All entries below need to be written out exactly, but without their pictures.

Excerpts from a dataset
--- --- ---
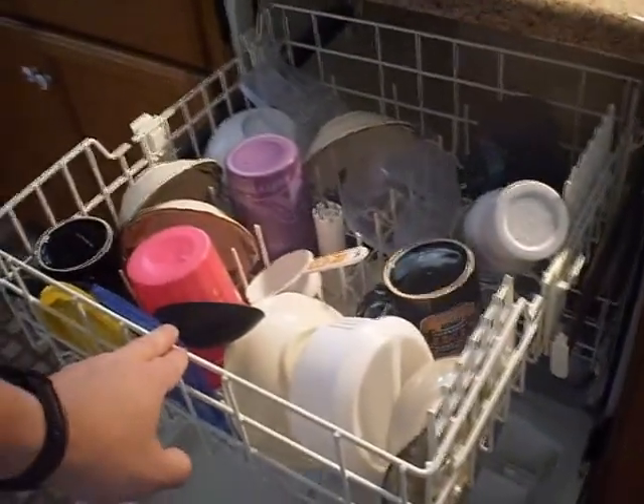Alright, now that the silverware is taken care of, I'm going to take everything else that's in the dishwasher out of it and put it on the counter. And you can start that line.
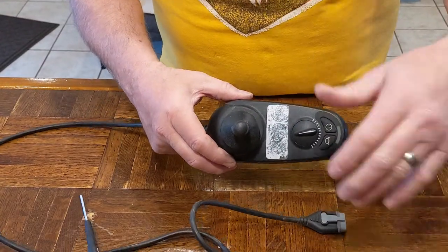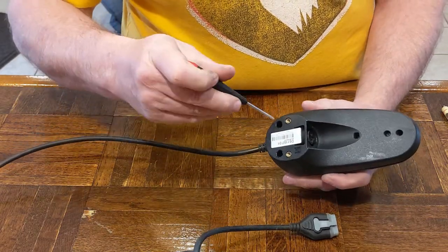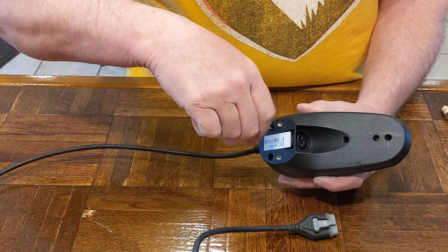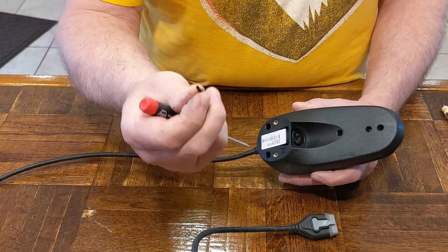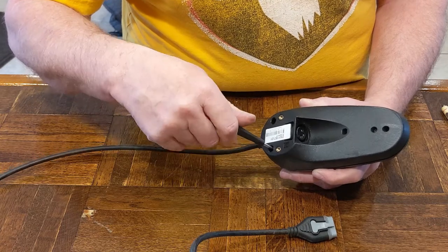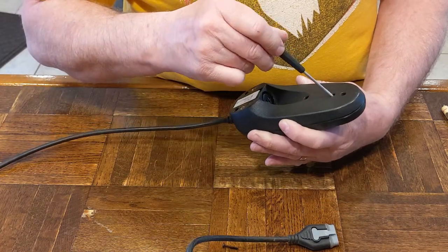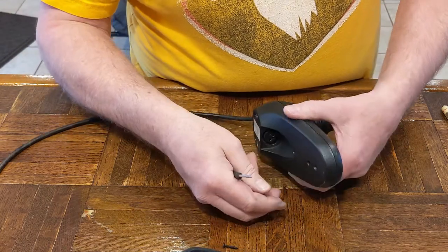It uses Torx T10 fasteners — I found two here and one here. I'm not sure what's under the third location yet so I'll see if the two get it open first. Now there's the plastic thread — hopefully you won't be going into this very much. You have to be careful when you put the screws back in not to strip them out because it's just going into soft plastic. This one feels like it might be stripped a little bit.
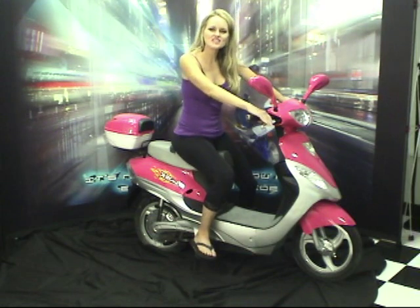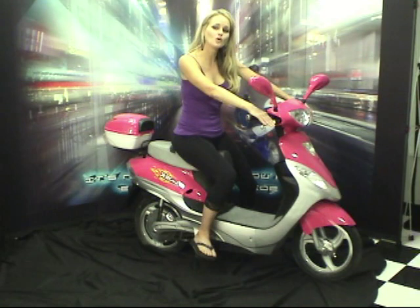Hello, I'm Deanna and this is our XB500 electric bicycle. It's the ultimate alternative for commuters that need a quick way to travel but don't want the expense of operating a vehicle or motorcycle.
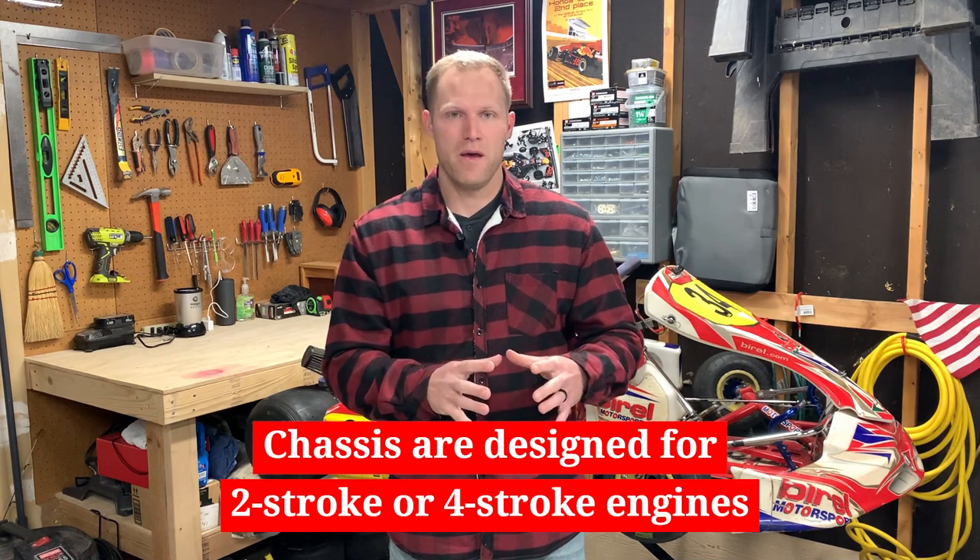The final thing I want to communicate is that most chassis are built either for a two-stroke engine or a four-stroke engine. I came to learn this because I had a cart pop up with a two-stroke KA100 engine listed pretty cheap. I had the thought: what if I bought this cart, sold the engine, and mounted an LO206 on it? After doing a bunch of research, I learned that the chassis are actually built specifically for either two-stroke or four-stroke engines, so it's not simply a straightforward swap.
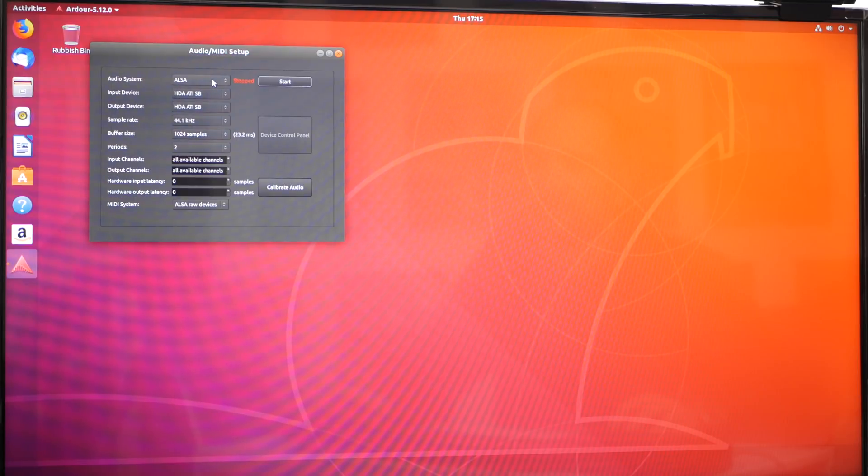Now let's open up the Ardour software and go to an empty template. The audio system is ALSA — the same role as ASIO for audio signal in and out. What we want to do is choose the USB audio codec for both input and output. We can change the sample rate; I always leave it at 44.1 kHz, which is usually fine. Everything else looks pretty good, so let's hit Start and we're good to go. I'm going to plug a microphone in and see how this actually sounds with the podcasting mic.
--- --- ---
**Written answer**
Alright, now that the silverware is taken care of, I'm going to take everything else that's in the dishwasher out of it and put it on the counter. And you can start that line.
It uses Torx T10 fasteners — I found two here and one here. I'm not sure what's under the third location yet so I'll see if the two get it open first. Now there's the plastic thread — hopefully you won't be going into this very much. You have to be careful when you put the screws back in not to strip them out because it's just going into soft plastic. This one feels like it might be stripped a little bit.
Hello, I'm Deanna and this is our XB500 electric bicycle. It's the ultimate alternative for commuters that need a quick way to travel but don't want the expense of operating a vehicle or motorcycle.
The final thing I want to communicate is that most chassis are built either for a two-stroke engine or a four-stroke engine. I came to learn this because I had a cart pop up with a two-stroke KA100 engine listed pretty cheap. I had the thought: what if I bought this cart, sold the engine, and mounted an LO206 on it? After doing a bunch of research, I learned that the chassis are actually built specifically for either two-stroke or four-stroke engines, so it's not simply a straightforward swap.
Now let's open up the Ardour software and go to an empty template. The audio system is ALSA — the same role as ASIO for audio signal in and out. What we want to do is choose the USB audio codec for both input and output. We can change the sample rate; I always leave it at 44.1 kHz, which is usually fine. Everything else looks pretty good, so let's hit Start and we're good to go. I'm going to plug a microphone in and see how this actually sounds with the podcasting mic.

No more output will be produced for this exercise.